Q: How to pass parameters into the Notebook?
To pass parameters to your Notebook, you must add them as a column in your SQL query. You can then access those column(s) in the dataset object in your Notebook:
SELECT
'{{team}}' AS param
FROM
benn.nfl_touchdowns
Q: Can I use dbt Metrics in Notebooks?
Yes. Since metrics charts are SQL Queries under the hood, their results are made available to the Notebook and appear as data frames alongside all other Query results in a given Report.
Q: When do queries in the Notebook start to execute after a report run?
SQL Queries are kicked off simultaneously, and their results come in based on the processing time of your database. The Notebook will wait until all SQL queries have successfully returned results before running. This is because the logic is set up such that the Notebook does not know which query results execution is dependent on, so to be safe, it waits for all the SQL queries to finish running.

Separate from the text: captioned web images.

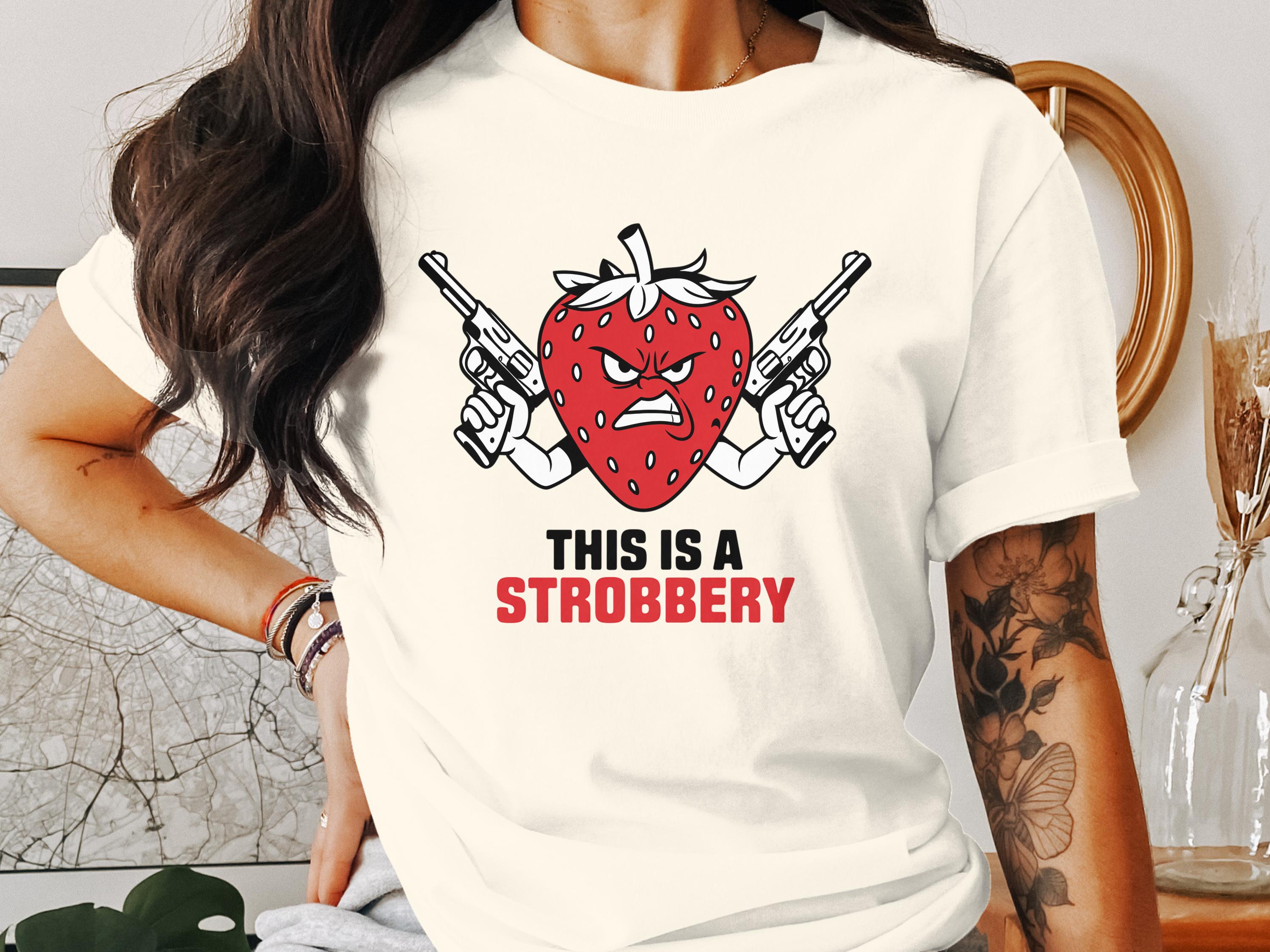 Illustration of an angry strawberry with guns, text reads "THIS IS A STROBBERY".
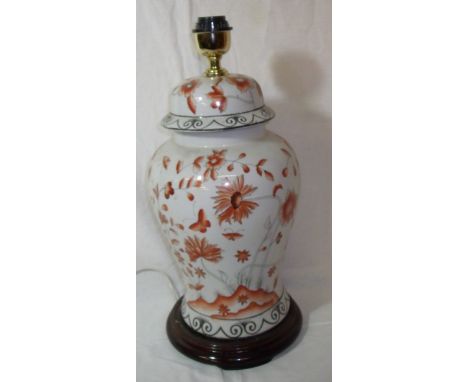 Large baluster table lamp with painted floral sprays on wooden base (height  53cm)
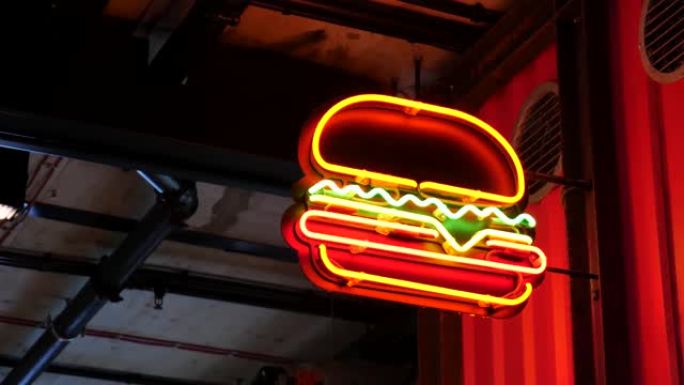 明亮的普通汉堡店，快餐店霓虹灯标志，标牌，彩色霓虹灯广告特写，汉堡三明治符号复古风格，夜生活，酒吧和
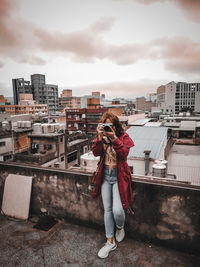 Full length of young woman standing against buildings in city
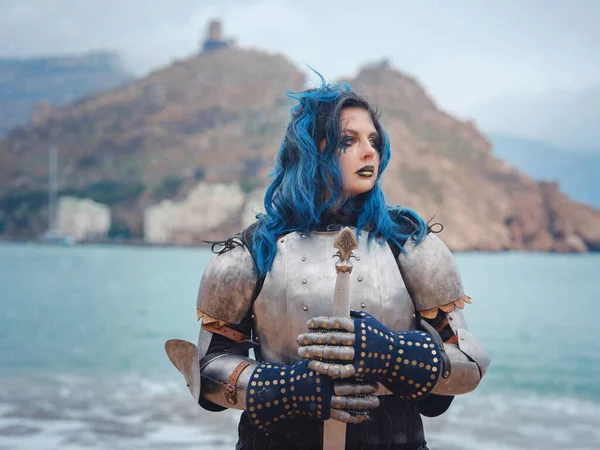 Ortaçağ şövalyesi kadın savaş öncesi dua ediyor. Orta Çağ tarihi fantezi fotoğrafı. Güzel bayan şövalye sahilde, dağların yakınında denizin üzerindeki karı seyrediyor.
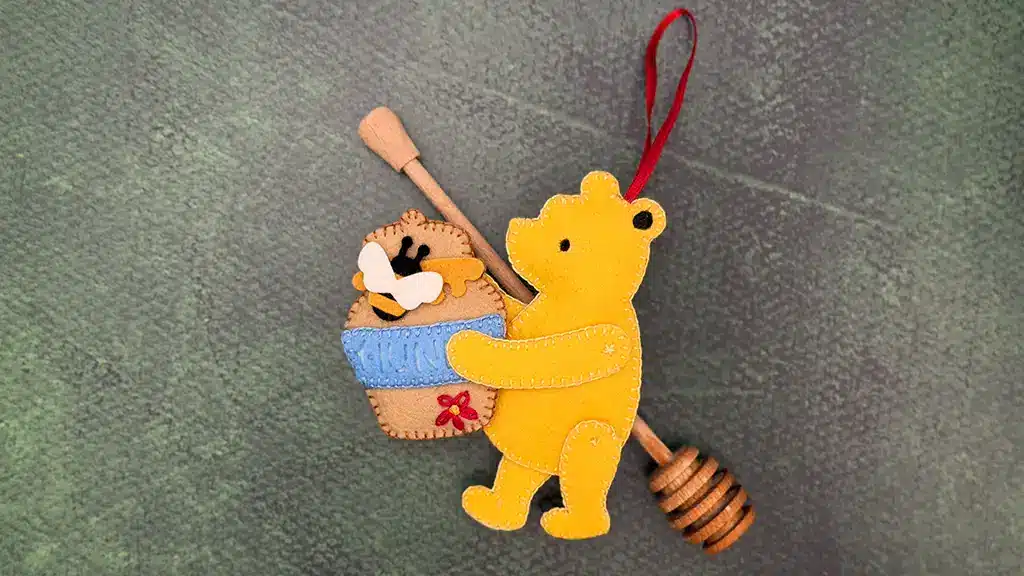 A felt ornament of a yellow bear holding a blue honey pot with bees, attached to a wooden honey dipper with a red hanging loop, on a textured green background.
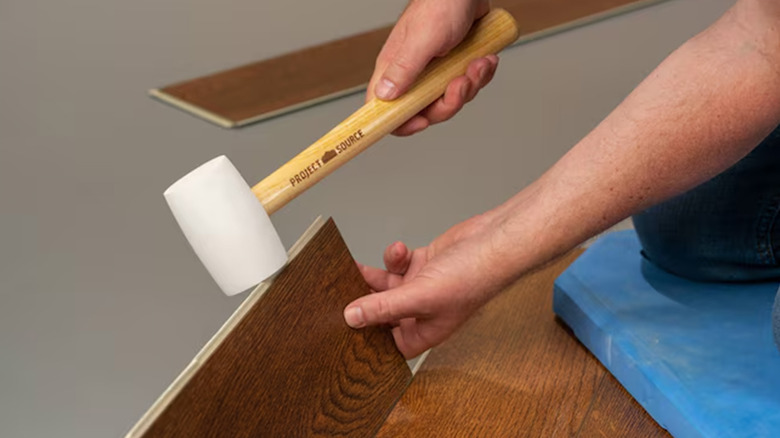 A man using a white rubber mallet on some flooring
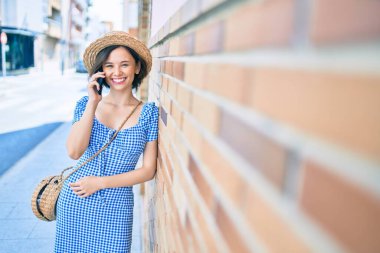 Genç ve güzel bir kız mutlu bir şekilde gülümsüyor. Akıllı telefon kullanıyor ve şehrin duvarına yaslanıyor.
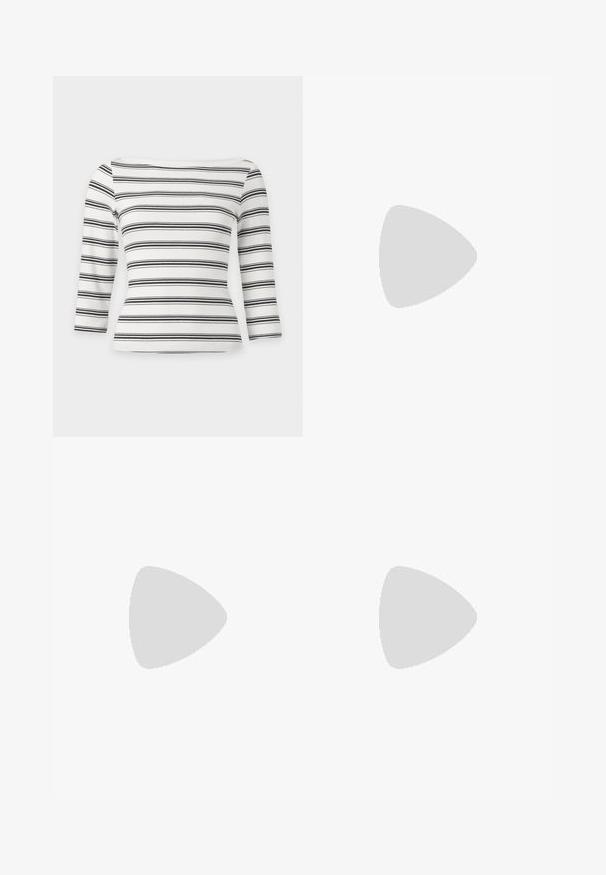 JJXX JXFIFI BOATNECK - T-shirt à manches longues - black; Jupe courte à motif pied-de-poule, avec un schéma de couleurs beige et noir, design ajusté et passants pour ceinture à la taille.; Jambes portant des leggings côtelés foncés associés à des ballerines noires avec de petits détails en nœud sur fond blanc.; Sac à main en cuir noir de forme rectangulaire, doté d'une seule ansse structurée, de quincaillerie argentée et d'une fermeture éclair. Texture lisse.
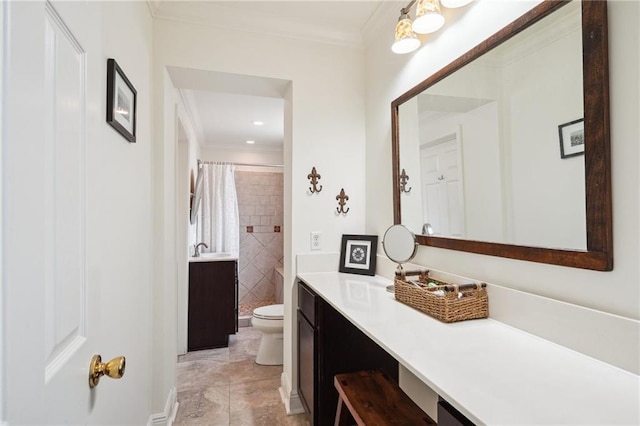 bathroom with tiled shower, toilet, vanity, and ornamental molding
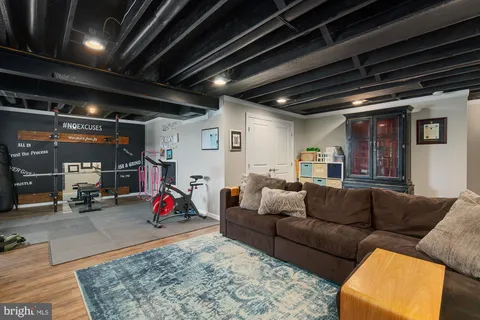 a living room with furniture a red table and chairs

Therefore, it is possible that the Notebook would render faster, but it must wait for all queries to finish running.
Q: Do you have a tutorial where I can learn Python for business analysis using real-world data?
We do have a tutorial available that teaches Python for business analysis using real-world data. This tutorial is designed for users with little or no experience with Python, and it covers everything from the basics of the language to advanced techniques for analyzing and visualizing data.
If you’re interested in learning how to use Python for business analysis, this tutorial is a great place to start. It includes step-by-step instructions and hands-on exercises to help you apply what you learn to real-world scenarios.